**PROVIDED DATA:**

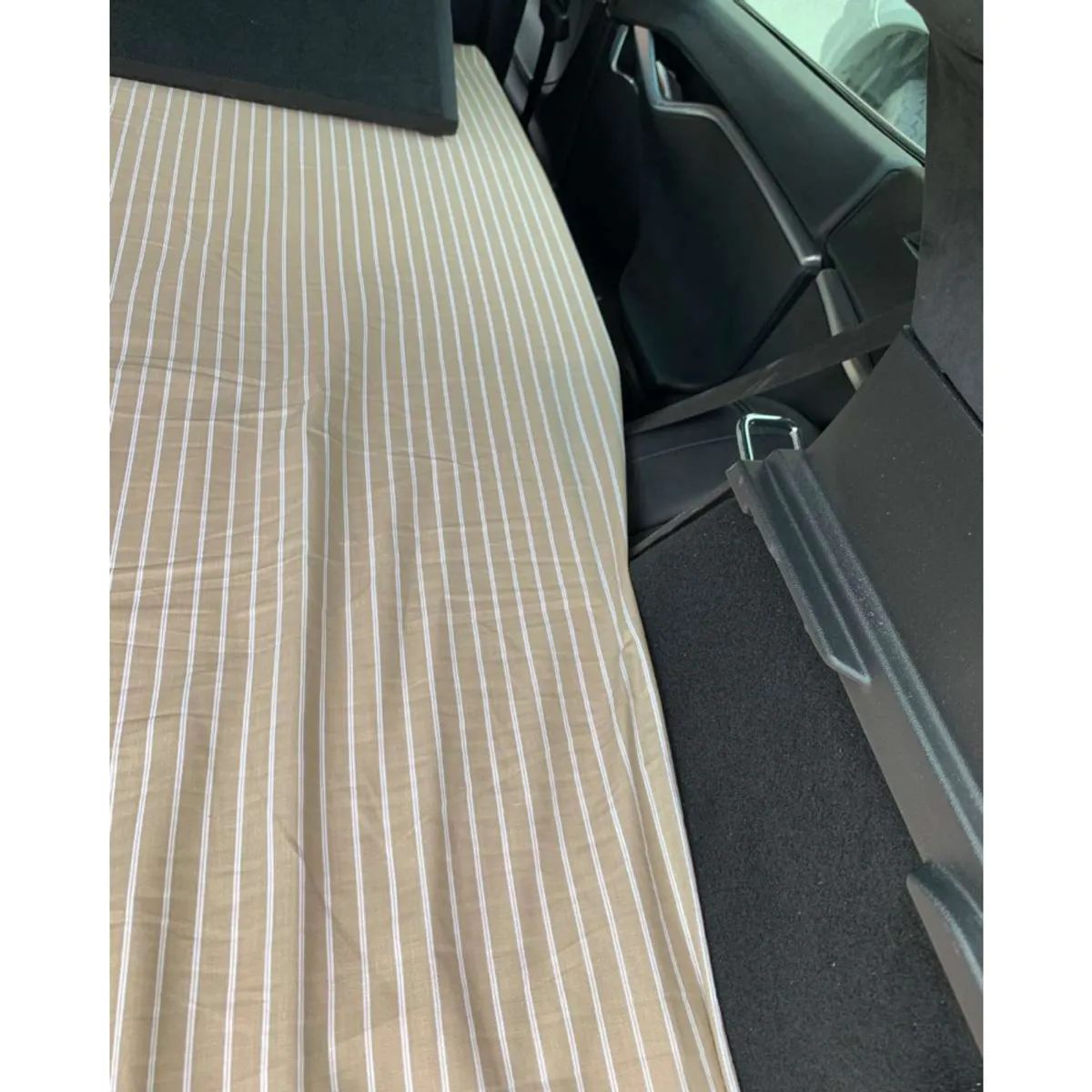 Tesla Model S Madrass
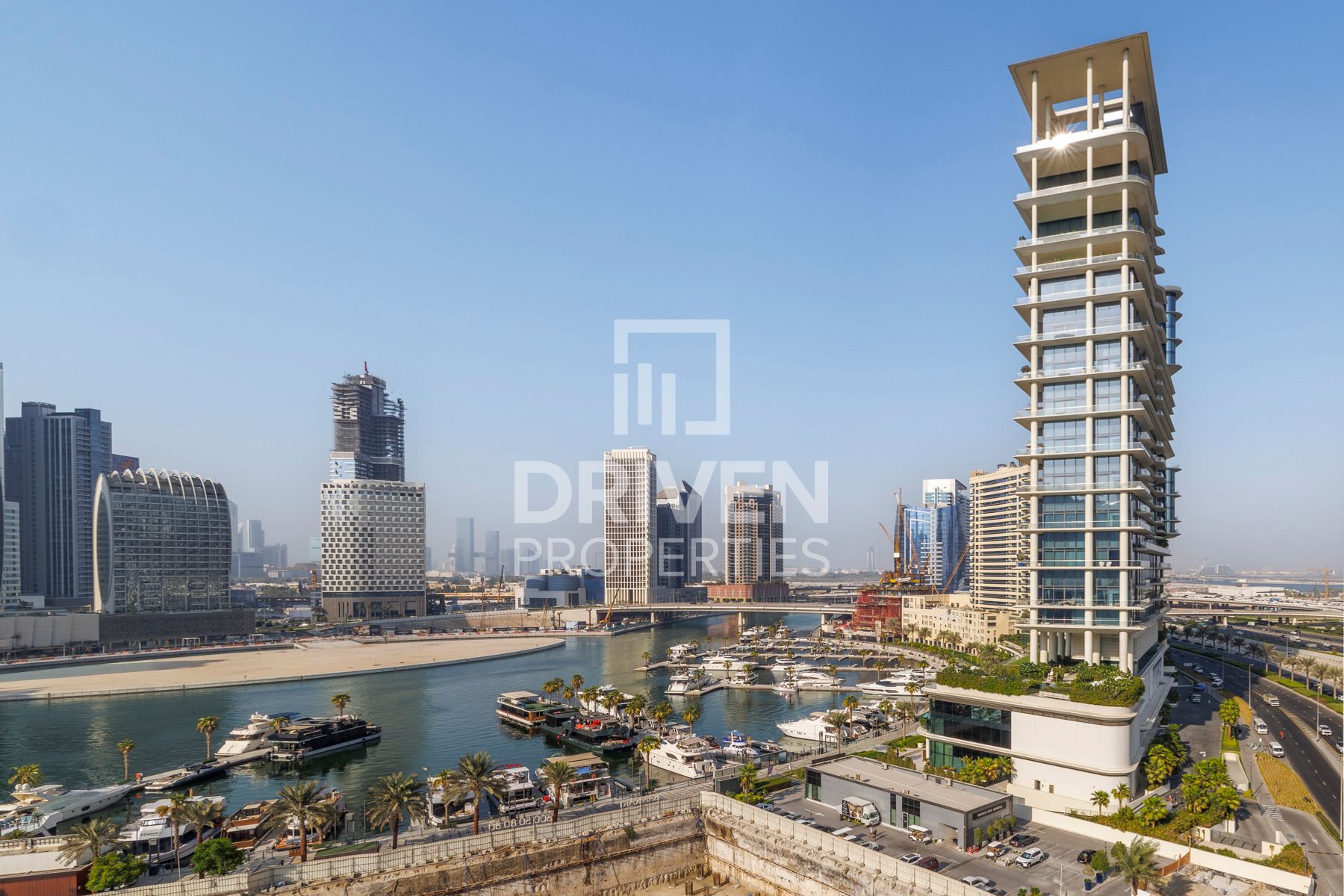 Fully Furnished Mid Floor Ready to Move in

==

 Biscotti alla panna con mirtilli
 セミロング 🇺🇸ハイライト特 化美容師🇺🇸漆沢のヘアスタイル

**WHAT THE EXERCISE ASKS:**
Reproduce exactly the entries above, limited to the lines from the one with "Biscotti alla panna con mirtilli" through the one with "セミロング 🇺🇸ハイライト特 化美容師🇺🇸漆沢のヘアスタイル", both included.

**TASK RESPONSE:**
 Biscotti alla panna con mirtilli
 セミロング 🇺🇸ハイライト特 化美容師🇺🇸漆沢のヘアスタイル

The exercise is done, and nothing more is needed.